И дальше он предоставил действовать времени. Для твердой души с определенными понятиями нет ничего страшней неопределенности; и в эту неопределенность он погрузил ее с головой. Никаких газет, никакой информации, единственная записка от матери (правила есть правила, не обойдешь, он обязан был разрешить одно письмо в месяц; ответа не передал — имел право в интересах следствия). Никакой ясности с тем, в чем обвиняют. На все вопросы универсальный ответ «Спрашиваю я». Все в соответствии с лекцией психолога товарища Шнейдера о принципах давления на сознание подозреваемого. Трудность, однако, была в том, что сознаваться Жуковской приходилось в том, чего не было, — но, как подчеркнул товарищ Шнейдер, признание начинается с чувства вины. Сначала внушить, что виноват, — а в чем, потом сам выдумает. Как говорим между собой мы, психологи, — здоровых, товарищи, нет, есть, товарищи, недообследованные. Запомнил, записал.
Он вызывал ее редко. Сначала раз в неделю, потом раз в две недели. Но не забывал о ней ни на день, ни на час — следил, какова атмосфера в камере; заботился, чтобы туда проникал только специальный контингент, чтобы ни луча, ни одного так называемого интеллигентного лица. Впрочем, среди контингента тоже случались интеллигентные лица — но такие, что лучше бы вовсе никаких: это были лица опустившихся, спившихся, изломанных и сломанных, предавших себя, утративших надежду. Райский давно заметил, что чем выше изначальный уровень, тем катастрофичнее падение: какой-нибудь блатмейстер, сдав своих, этого даже не чувствовал. Какой-нибудь шулер после ресторанных кутежей привыкал к баланде с той же легкостью, как будто жрал ее с рожденья, а о фрикасе и консоме не слыхивал. Но интеллигент, а тем более дворянин в тюрьме немедленно зарастал грязью и паршой, а уж сломившись, терял всякую опору. Первый удар оземь превращал их в бескостную кашу: те, которые не ломались, встречались крайне редко, и уж таких действительно оставалось только убивать. Однако был уже не девятнадцатый год, когда Райскому случалось расходовать в день до двадцати заложников, а у других бывало и больше; Райский многое успел даже подзабыть, он был теперь культурный чекист с запросами. Никуда не делась только ненависть к тем, кто имел право на существование и не сомневался в нем; отнять это право Райский почитал священным долгом.

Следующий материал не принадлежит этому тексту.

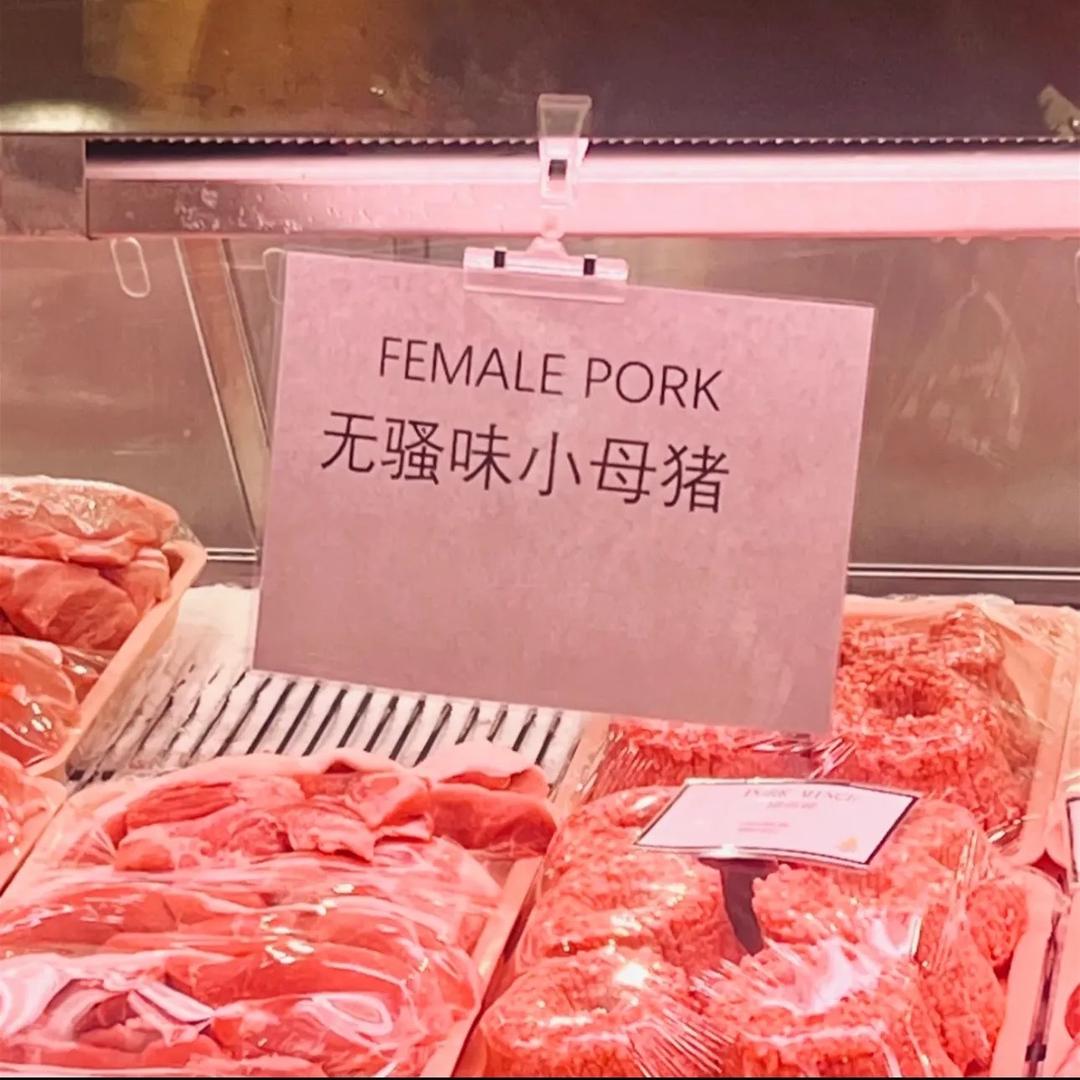 高西瓜（amapiano版）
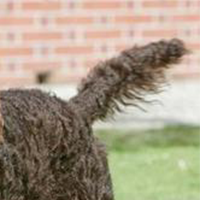 美国水猎犬的尾巴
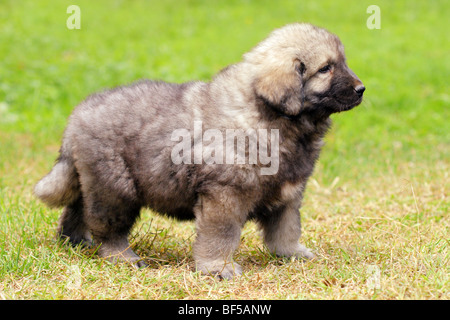 - Sarplaninec Shara Mountain Dog, chien de berger macédonien, couple de mois Banque D'Images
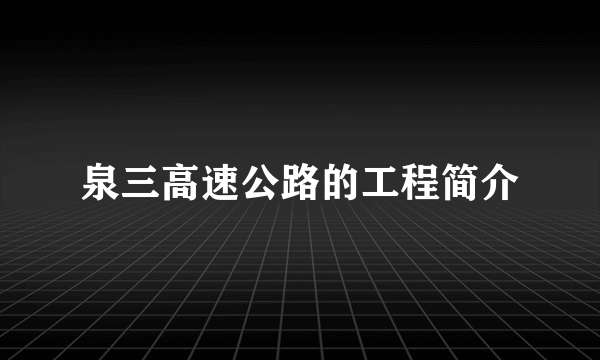 泉三高速公路的工程简介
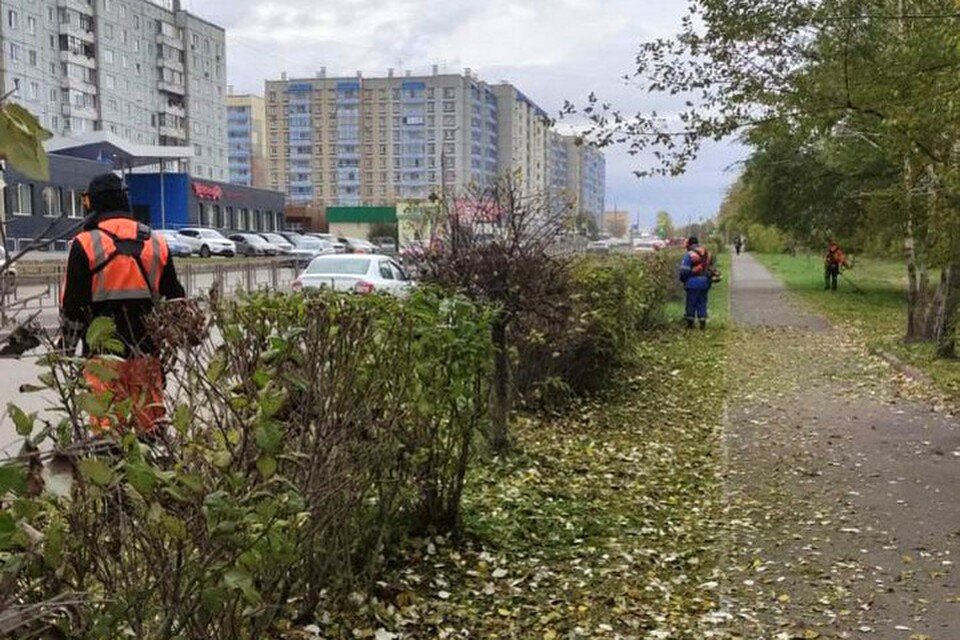     В Красноярске продолжают косить траву. Фото: администрация города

Он думал уже — не влюблен ли он в нее? Смешно, нет, конечно. Он просто не мог мириться с ее существованием — да, в сущности, любая любовь и есть это самое, нечего выдумывать. Райский это знал по себе. Мы встречаем нечто безоговорочно прекрасное, а поскольку в силу блестящего интеллекта мы очень знаем, каковы мы есть, то и пытаемся убить это прекрасное единственно доступным способом: сделать его своим. Ведь этого никакому врагу не пожелаешь. Сотрудник отдела по борьбе с бандитизмом Жамкин женился давеча на дочери бывшей графини Потоцкой, и это считалось хорошо — дома у сотрудника розыска должно быть культурно; но ясно же было, что никакая расправа с графиней Потоцкой не могла сравниться с превращением ее в Жамкину. Так что, если хотите, отношения Райского с Жуковской были выше и чище любви. В них не было и тени корысти. Но просто Райский не мог спать спокойно, пока Жуковская не стала одной из всех, ибо ее присутствие на свете посягало на основы его бытия. В ее присутствии он был непонятно кто. Он мог жить дальше лишь при условии, что она возненавидит себя и уверится в невозможности быть человеком.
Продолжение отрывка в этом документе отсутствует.